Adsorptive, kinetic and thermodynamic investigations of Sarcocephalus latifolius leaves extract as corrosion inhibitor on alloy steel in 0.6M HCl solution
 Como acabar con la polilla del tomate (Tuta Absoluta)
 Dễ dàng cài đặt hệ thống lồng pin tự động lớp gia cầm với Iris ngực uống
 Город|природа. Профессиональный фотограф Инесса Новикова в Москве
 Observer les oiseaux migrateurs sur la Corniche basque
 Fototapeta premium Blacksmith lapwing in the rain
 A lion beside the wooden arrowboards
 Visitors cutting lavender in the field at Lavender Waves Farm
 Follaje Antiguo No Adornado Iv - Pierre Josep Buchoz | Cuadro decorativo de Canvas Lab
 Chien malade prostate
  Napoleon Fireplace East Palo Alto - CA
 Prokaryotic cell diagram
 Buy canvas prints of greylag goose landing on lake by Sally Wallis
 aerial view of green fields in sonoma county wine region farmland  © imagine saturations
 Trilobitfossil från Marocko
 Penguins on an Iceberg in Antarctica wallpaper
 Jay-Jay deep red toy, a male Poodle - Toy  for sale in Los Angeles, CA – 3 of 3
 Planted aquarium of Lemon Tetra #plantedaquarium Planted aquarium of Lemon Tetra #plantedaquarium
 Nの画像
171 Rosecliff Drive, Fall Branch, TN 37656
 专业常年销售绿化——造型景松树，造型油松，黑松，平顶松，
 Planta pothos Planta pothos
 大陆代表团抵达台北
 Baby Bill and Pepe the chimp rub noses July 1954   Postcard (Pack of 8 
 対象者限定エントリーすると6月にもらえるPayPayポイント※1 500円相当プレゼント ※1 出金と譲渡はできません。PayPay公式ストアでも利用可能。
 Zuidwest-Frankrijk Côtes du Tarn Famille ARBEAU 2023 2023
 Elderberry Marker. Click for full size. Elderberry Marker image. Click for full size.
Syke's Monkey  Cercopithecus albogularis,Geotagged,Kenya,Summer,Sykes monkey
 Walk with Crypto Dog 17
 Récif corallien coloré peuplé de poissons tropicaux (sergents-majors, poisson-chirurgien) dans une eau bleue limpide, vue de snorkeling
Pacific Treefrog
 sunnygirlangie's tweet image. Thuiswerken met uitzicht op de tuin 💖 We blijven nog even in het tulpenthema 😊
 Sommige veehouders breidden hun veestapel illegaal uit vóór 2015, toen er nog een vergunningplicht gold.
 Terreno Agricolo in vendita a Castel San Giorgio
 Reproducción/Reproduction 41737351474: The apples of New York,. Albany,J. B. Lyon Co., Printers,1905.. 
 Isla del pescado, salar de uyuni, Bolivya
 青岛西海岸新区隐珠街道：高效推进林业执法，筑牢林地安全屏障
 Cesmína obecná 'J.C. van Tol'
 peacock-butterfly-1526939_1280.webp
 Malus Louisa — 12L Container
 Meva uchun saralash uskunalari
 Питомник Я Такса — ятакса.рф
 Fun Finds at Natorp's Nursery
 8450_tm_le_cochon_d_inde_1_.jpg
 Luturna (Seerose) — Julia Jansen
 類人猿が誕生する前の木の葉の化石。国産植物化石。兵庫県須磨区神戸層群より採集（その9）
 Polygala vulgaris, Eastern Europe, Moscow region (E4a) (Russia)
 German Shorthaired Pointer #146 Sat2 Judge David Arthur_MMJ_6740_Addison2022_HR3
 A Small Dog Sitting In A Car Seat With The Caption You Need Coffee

■ YOUR ASSIGNMENT
Word for word, quote the lines from the line containing "Récif corallien coloré" through the end of the material, both included, and nothing else.

■ OUTPUT
 Récif corallien coloré peuplé de poissons tropicaux (sergents-majors, poisson-chirurgien) dans une eau bleue limpide, vue de snorkeling
Pacific Treefrog
 sunnygirlangie's tweet image. Thuiswerken met uitzicht op de tuin 💖 We blijven nog even in het tulpenthema 😊
 Sommige veehouders breidden hun veestapel illegaal uit vóór 2015, toen er nog een vergunningplicht gold.
 Terreno Agricolo in vendita a Castel San Giorgio
 Reproducción/Reproduction 41737351474: The apples of New York,. Albany,J. B. Lyon Co., Printers,1905.. 
 Isla del pescado, salar de uyuni, Bolivya
 青岛西海岸新区隐珠街道：高效推进林业执法，筑牢林地安全屏障
 Cesmína obecná 'J.C. van Tol'
 peacock-butterfly-1526939_1280.webp
 Malus Louisa — 12L Container
 Meva uchun saralash uskunalari
 Питомник Я Такса — ятакса.рф
 Fun Finds at Natorp's Nursery
 8450_tm_le_cochon_d_inde_1_.jpg
 Luturna (Seerose) — Julia Jansen
 類人猿が誕生する前の木の葉の化石。国産植物化石。兵庫県須磨区神戸層群より採集（その9）
 Polygala vulgaris, Eastern Europe, Moscow region (E4a) (Russia)
 German Shorthaired Pointer #146 Sat2 Judge David Arthur_MMJ_6740_Addison2022_HR3
 A Small Dog Sitting In A Car Seat With The Caption You Need Coffee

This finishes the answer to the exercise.